The Man with the Iron Heart

2017-11-17 08:27
 

What it's about:

The true story of Project: Anthropoid, where a pair of British soldiers teamed up with a small group of Czech resistance fighters at the peak of the Second World War to assassinate Reinhard Heidrich, one of Hitler's most ruthless generals and a major architect of the Final Solution. 

What we thought:

Based on the historical novel, HhHH by Laurent Binnet  - inevitably, some of this story had to be based on conjecture and even pure fiction as the film will make very clear; but the basic events apparently really did happen – the Man With the Iron Heart originally shared the same title as its source novel but presumably out of wanting to spare everyone the embarrassment of having to try pronounce what is less a word than an exasperated sigh, they wisely opted to settle on this generic but far more comprehensible title.

They could have also called it Anthropoid but, as it so happens, another film, also based on the same book and the same historical events beat it to the punch by coming out just before The Man With the Iron Heart was completed – forcing the latter to delay its release by a year and to forever suffer being known as “that other Operation Anthropoid movie”. 

For some unknown reason, Anthropoid was never released in this country despite having the same plot, its own even more A-list cast and having done the same story first. It is almost universally considered to be the better of the two films but as I have yet to have had the chance to see it, I'm just going to have to judge the Man With the Iron Heart on its own terms. And on its own terms, it's... almost very good.

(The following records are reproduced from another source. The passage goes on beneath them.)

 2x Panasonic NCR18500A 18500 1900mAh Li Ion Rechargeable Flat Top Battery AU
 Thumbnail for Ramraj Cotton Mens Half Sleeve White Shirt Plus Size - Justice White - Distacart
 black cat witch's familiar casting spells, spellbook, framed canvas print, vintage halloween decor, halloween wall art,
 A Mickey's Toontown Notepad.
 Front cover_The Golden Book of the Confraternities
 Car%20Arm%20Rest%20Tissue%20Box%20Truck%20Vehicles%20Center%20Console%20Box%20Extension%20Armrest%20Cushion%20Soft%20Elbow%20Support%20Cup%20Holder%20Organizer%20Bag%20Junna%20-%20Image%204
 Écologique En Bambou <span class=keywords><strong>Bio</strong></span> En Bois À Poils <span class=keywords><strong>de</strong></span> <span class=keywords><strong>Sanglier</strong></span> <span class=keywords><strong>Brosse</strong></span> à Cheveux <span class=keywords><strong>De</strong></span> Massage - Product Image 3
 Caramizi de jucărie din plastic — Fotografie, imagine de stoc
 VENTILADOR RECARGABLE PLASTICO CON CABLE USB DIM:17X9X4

Straight off the bat, the biggest and most obvious flaw with the Man With the Iron Heart is that it spends half of its running time with Hydrich (played with chilling monstrousness by Jason Clarke) and not only his unspeakably evil military career but his iffy family life with a wife who shares his deplorable views (played no less chillingly by Rosamund Pike) and a bunch of kids who are forced to share their father with the Third Reich. And, really, who cares? 

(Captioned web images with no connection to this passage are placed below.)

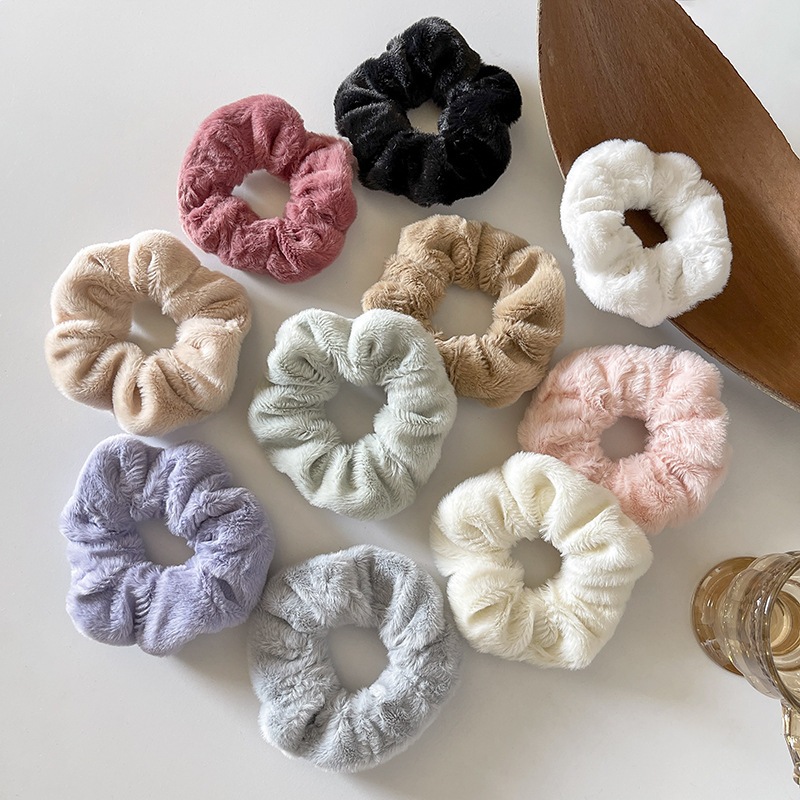 Hair Tie Girl Cute Plush Large Bowel Hair Tie Headband Headtie Headtie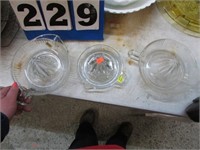 3-- GLASS JUICERS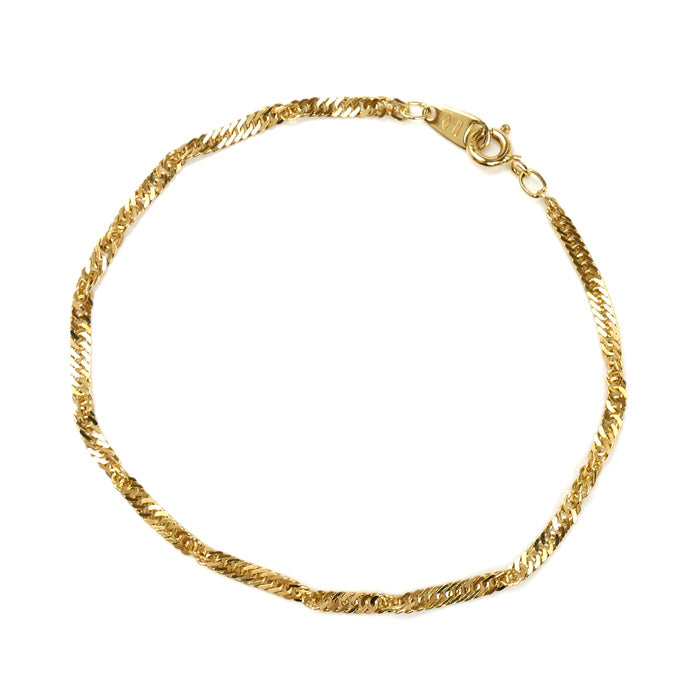 UNOAERRE ウノアエレ K18YG イエローゴールド ブレスレット スクリュー 2.3g 18.5cm レディース【中古】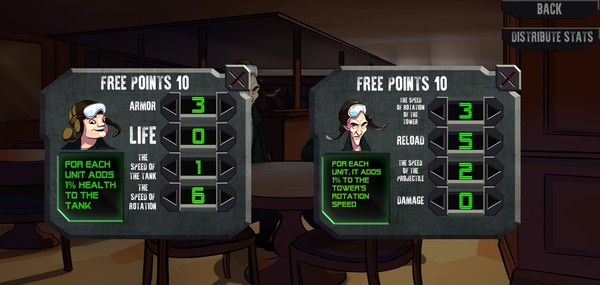 Screenshot z Super tanks RPG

There's no humanity or complexity to be found in this portrayal of Hydrich – and no doubt, none to be found in the real man either – so aside for the visceral reactions that depictions of the atrocities if the Holocaust still elicit with ease, much of the first half of the film spends its time treading the line between boring and immensely frustrating. It's well made and well acted but it does nothing than a much briefer look at Hydrich terrible deeds wouldn't have done better.

This is all the more frustrating because the second half – or, to be entirely honest, it may well have been the second two thirds – is so, so close to being great. Cedric Jimenez isn't exactly what one would call a visionary director as the look and feel of the film is really nothing we haven't come across before, many times over, but perhaps there is only so much that can be done with this setting before it starts taking on the almost parodic feel of Tarantino's Inglorious Bastards. What Jimenez is quite excellent, though, is at building and maintaining tension through the entire second half of the film that starts fraught and only escalates from there. It's gripping, pulse-pounding stuff that stands tall with the best espionage and war films.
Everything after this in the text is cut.